PhpDig indexes HTML and text files by itself. PhpDig could index PDF, MS-Word, MS-Excel, and MS-PowerPoint files if you install external binaries on the server for this purpose. PhpDig is configured to use catdoc, xls2csv, pstotext or pdftotext, and ppt2text programs.

  • You can find catdoc and xls2csv at this link: http://www.45.free.net/~vitus/ice/catdoc/.
  • You can find pstotext at this link: http://research.compaq.com/SRC/virtualpaper/pstotext.html.
  • You can find pdftotext at this link: http://public.planetmirror.com/pub/xpdf/
  • You can query for ppt2text at this link: http://www.google.com/search?q=ppt2text

The author of PhpDig does not offer support for the binary programs.
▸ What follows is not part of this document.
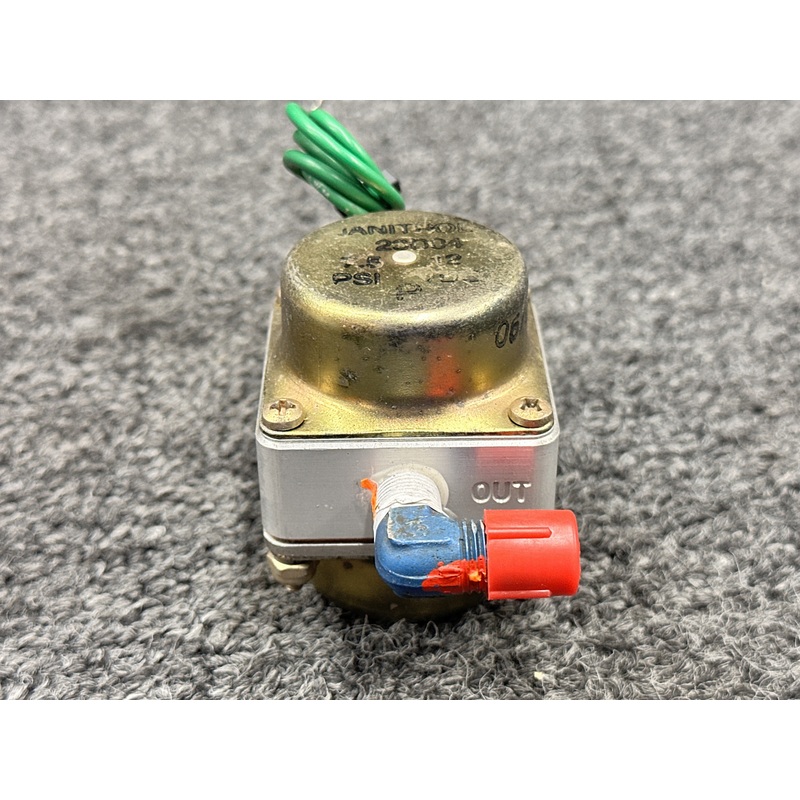 23D04 (Alt: 461-731) Janitrol Heater Fuel Regulator (Volts: 12)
Contact the authors of those programs if you have trouble with compiling and/or installing them.

Of course, you can use other binary programs to extract text from PDF, MS-Word, MS-Excel, and MS-PowerPoint files.

To demonstrate the external binaries feature, you can search Hamlet (tragedy, Shakespeare, from MS-Word format) or ~L'Avare (comedy, Molière, from PDF format). phpdig docs

don't know if those programs would be available for windows, too... maybe use pear classes for indexing those docs?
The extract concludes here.